On pourra ainsi estimer que ces minutes de gloire rendent un peu justice à ces sportifs, ces disciplines et ces fédérations qui restent dans l'ombre le reste du temps, mais le pic olympique établit simultanément l'impossibilité d'un véritable développement pour les "petits" sports, qui retourneront à une indifférence absolue dès la cérémonie de clôture achevée. La magie de l'Olympe a quelque chose de bidonné.
Singes parlants
Enfin, le pire réside probablement dans le traitement des médailles elles-mêmes, qui vont donner matière à tout ce que la France compte d'éditorialistes patentés (de ceux que reprennent les revues de presse des radios, le matin), lesquels vont filer la métaphore et se gonfler d'emphase pour tirer la substantifique morale des "exploits" de la veille.
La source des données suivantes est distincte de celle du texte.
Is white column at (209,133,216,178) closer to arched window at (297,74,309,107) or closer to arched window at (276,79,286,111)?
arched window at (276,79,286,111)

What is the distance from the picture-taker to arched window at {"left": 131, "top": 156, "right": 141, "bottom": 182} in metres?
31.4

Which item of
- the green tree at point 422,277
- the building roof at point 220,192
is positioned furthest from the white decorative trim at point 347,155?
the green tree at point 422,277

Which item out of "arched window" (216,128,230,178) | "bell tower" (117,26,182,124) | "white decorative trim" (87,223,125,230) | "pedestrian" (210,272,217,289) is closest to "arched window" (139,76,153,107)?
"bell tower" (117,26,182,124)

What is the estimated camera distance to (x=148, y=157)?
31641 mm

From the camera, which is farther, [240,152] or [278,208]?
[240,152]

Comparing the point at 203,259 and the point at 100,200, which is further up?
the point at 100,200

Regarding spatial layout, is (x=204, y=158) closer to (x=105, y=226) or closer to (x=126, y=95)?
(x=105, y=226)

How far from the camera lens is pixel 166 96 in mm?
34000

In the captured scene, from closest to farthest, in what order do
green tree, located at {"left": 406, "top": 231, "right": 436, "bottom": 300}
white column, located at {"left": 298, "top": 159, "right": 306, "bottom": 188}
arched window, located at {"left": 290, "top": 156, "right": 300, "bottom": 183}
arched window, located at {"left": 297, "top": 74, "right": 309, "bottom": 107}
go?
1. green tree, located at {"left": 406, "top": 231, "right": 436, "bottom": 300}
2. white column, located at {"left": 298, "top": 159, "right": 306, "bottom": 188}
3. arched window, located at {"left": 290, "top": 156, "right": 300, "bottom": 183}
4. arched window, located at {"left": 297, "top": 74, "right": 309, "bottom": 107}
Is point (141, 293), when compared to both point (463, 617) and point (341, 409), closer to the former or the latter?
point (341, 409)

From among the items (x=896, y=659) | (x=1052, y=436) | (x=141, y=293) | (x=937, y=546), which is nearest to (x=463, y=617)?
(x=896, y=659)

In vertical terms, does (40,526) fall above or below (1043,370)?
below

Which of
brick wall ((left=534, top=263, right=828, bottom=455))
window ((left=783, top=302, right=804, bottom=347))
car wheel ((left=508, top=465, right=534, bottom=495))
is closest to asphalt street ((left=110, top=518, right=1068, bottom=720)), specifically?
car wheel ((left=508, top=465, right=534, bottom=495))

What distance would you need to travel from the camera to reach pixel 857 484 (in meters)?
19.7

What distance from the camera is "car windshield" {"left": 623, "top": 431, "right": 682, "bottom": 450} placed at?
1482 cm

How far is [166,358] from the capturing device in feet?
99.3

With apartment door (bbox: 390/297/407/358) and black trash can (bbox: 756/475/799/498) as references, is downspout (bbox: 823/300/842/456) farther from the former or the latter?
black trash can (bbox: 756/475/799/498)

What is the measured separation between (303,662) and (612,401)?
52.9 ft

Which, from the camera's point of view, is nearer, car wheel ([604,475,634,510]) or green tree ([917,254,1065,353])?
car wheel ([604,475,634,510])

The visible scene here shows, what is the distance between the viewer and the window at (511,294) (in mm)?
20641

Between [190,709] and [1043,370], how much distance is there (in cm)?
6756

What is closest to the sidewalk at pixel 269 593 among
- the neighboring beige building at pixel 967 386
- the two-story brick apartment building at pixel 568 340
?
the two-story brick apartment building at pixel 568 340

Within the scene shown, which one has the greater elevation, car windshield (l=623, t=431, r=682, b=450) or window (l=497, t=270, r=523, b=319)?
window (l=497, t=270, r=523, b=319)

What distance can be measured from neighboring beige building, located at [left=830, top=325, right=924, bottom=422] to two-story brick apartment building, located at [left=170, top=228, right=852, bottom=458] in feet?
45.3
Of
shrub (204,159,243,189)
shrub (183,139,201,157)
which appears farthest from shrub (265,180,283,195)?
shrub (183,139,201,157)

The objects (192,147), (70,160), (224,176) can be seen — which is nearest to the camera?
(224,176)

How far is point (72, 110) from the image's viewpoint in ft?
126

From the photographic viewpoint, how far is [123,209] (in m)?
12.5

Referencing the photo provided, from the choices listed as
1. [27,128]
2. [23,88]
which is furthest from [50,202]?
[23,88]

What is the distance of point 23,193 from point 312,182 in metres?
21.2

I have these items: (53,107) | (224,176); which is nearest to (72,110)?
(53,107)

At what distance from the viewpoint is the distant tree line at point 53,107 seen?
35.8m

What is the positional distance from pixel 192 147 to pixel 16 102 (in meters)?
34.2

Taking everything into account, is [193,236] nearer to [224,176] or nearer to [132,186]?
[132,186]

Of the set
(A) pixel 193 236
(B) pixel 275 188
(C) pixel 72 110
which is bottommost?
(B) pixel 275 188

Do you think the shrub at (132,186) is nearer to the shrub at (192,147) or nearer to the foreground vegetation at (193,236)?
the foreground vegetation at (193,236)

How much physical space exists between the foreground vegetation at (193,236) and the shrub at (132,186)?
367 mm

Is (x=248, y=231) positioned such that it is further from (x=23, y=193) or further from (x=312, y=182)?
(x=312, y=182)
La médaille d'or d'Antoine Deneriaz en descente n'a pas échappé à la règle... Jacques Camus (la République du Centre): "La France qui gagne se trouve souvent là où on l’attend le moins.(…) Admirable leçon de courage à l’adresse de la France qui tombe, et qui va peut être après la déconfiture de la candidature parisienne, sortir de son spleen olympique". Pierre Taribo (L’Est Républicain): "Une bouffée de bonheur. Souvent le sport nous entraîne vers le haut". Patrice Chabanet (le Journal de la Haute Marne): "Elles nous feraient du bien ces médailles en économie où la croissance s’essouffle avant même d’avoir repris et où le commerce extérieur nous fait connaître des descentes qui n’ont rien d’olympique".
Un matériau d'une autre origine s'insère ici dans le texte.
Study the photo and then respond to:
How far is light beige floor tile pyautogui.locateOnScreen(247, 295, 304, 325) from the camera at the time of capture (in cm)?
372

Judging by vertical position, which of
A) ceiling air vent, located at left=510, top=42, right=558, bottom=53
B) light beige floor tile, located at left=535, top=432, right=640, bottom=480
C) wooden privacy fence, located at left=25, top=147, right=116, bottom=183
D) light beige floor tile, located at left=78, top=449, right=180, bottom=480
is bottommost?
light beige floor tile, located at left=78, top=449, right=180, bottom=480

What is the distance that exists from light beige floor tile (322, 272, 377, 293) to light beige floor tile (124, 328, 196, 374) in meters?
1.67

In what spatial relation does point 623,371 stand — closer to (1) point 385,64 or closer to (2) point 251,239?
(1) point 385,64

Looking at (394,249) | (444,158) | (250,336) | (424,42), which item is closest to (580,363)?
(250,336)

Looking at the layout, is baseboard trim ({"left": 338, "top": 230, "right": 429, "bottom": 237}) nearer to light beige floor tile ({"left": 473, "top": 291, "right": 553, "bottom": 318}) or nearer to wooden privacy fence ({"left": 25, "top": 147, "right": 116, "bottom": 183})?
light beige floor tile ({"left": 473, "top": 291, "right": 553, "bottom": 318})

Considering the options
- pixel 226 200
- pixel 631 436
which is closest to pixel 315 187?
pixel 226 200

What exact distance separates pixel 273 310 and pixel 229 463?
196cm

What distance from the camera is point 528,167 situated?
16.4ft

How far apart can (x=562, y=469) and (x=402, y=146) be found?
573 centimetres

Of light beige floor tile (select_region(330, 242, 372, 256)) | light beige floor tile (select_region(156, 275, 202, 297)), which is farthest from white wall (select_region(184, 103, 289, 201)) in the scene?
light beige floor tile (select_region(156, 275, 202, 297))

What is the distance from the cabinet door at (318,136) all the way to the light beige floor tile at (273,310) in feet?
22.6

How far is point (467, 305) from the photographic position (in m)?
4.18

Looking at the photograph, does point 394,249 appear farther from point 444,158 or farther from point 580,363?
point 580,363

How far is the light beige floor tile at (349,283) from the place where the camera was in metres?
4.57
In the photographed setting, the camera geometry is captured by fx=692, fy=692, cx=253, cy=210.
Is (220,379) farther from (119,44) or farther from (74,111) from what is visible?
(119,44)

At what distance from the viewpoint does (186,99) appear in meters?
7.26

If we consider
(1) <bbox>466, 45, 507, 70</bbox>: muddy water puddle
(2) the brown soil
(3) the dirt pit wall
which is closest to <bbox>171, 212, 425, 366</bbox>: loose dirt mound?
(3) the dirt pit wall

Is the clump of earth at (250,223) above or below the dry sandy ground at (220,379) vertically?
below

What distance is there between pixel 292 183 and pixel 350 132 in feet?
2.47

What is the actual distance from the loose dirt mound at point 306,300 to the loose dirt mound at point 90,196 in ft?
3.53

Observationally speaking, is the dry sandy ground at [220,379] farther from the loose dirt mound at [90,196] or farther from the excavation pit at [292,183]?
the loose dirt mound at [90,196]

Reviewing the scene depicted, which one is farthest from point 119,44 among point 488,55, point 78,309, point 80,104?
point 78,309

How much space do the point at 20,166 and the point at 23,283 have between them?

Ah, pitres de papier, singes parlants qui s'abêtissent jusqu'à s'éculer dans le cliché de la "France qui gagne" et qui tirent de grandiloquentes conclusions de victoires sportives... Le seul enseignement à tirer des Jeux, c'est le niveau abyssal atteint par la pensée médiatique. Malheureusement, la plongée en eaux profondes n'est pas discipline olympique.